They have purposely covered up oil spills, accidents, faulty book keeping, and inactive ingredients in pursuit of profit.

They purposefully keep people misinformed and fearful through their control of the media.

They have perpetuated colonialism at home and abroad.

They have participated in the torture and murder of innocent civilians overseas.

They continue to create weapons of mass destruction in order to receive government contracts.

They have participated in a directly racist action by accepting the contract from the State of Georgia to murder Troy Davis.

The first is obviously preferable to the second, but neither is exactly the Declaration of Independence or Ninety-Five Theses. We can pick apart their wording, inclusiveness, punctuation, and overall relevance to the general purpose of the event, but that's beside the point. If you wanted to know what the demonstrators are worked up about, these should give you a decent idea.

The demonstrators' unifying belief is this: as it stands now, American capitalism exists to benefit an entrenched wealthy minority at the expense of the majority, and that this situation cannot be allowed to stand. 

Agree or disagree? 

The circumstances themselves are not a matter of opinion. From Paul Krugman:

Since the late 1970s the America I knew has unraveled. We’re no longer a middle-class society, in which the benefits of economic growth are widely shared: between 1979 and 2005 the real income of the median household rose only 13 percent, but the income of the richest 0.1% of Americans rose 296 percent.

Since the 1980s and 1990s, executive salaries have been increasing at a fast and accelerating pace.
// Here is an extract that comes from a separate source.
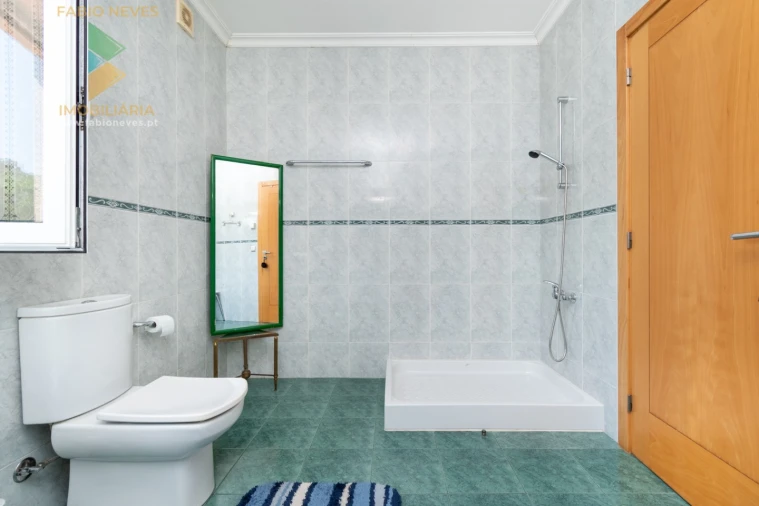 Moradia T4 para Venda em Fornelos e Queijada Foto 38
In 1980, the average American CEO earned 54 times the salary of his average employee. By 2000, the average American CEO was pulling in 548 times the salary of his average employee.** (These stats courtesy of Kevin Murphy and

Right now the unemployment rates are holding strong at about nine percent. If we combine this with the percentage of underemployed Americans (who work part time because they cannot find full time employment), we get a number close to twenty percent. (Neither of these numbers account for wage slaves -- people who work full time, but still don't earn enough to buy themselves a decent standard of living. Back when I worked for Borders, several members of my store's managerial staff worked full time, but still couldn't afford to move out of their parents' houses.)
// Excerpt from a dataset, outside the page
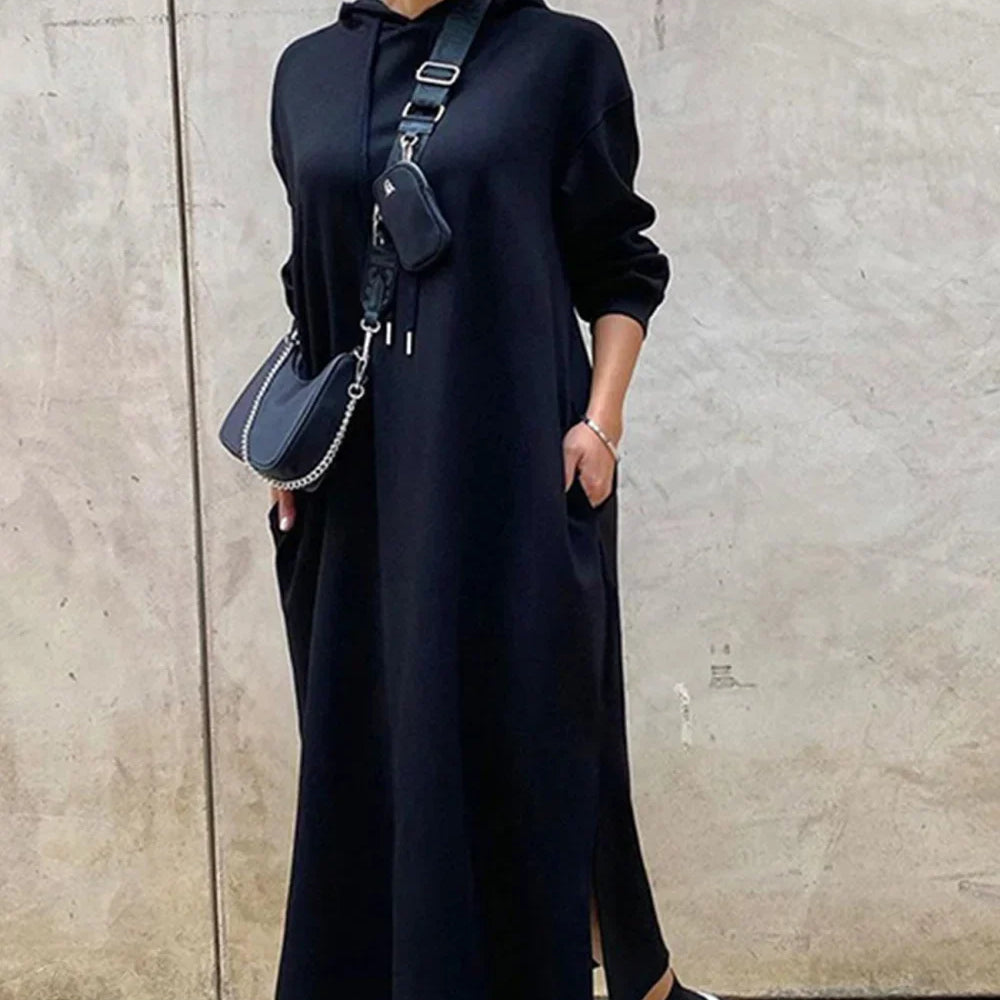 Kjole med hætte og slids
Circumstances being what they are, I have a difficult time fathoming why a thinking person would categorically oppose the Occupy Wall Street crowd's cause. Three possibilities do spring to mind:

1.) You have yet to slip and fall into the widening income gap. (In this case, just give it a few years.)

2.) You're an upper-percentile earner and helping to push people into the gap. (Why should you see anything wrong with this arrangement?)

3.) You suffer from Broke Southerner Syndrome. Mr. Pangrac explains the condition thusly: 

Most [people] railing against the so-called 'Obama tax hikes' a couple months ago wouldn't have been affected by the expiration of the Bush tax cuts for the top two percent because (duh) they aren't in the top two percent. But they're all convinced they might become rich some day, so they all argue for a system of low taxes for the wealthy in the hopes that one day they'll benefit from it. Just as many of the Confederate soldiers fought to preserve the slave system even if they didn't own slaves or directly benefit from the system's existence; they hoped they may someday be rich enough to own slaves, so they'll fight for the system.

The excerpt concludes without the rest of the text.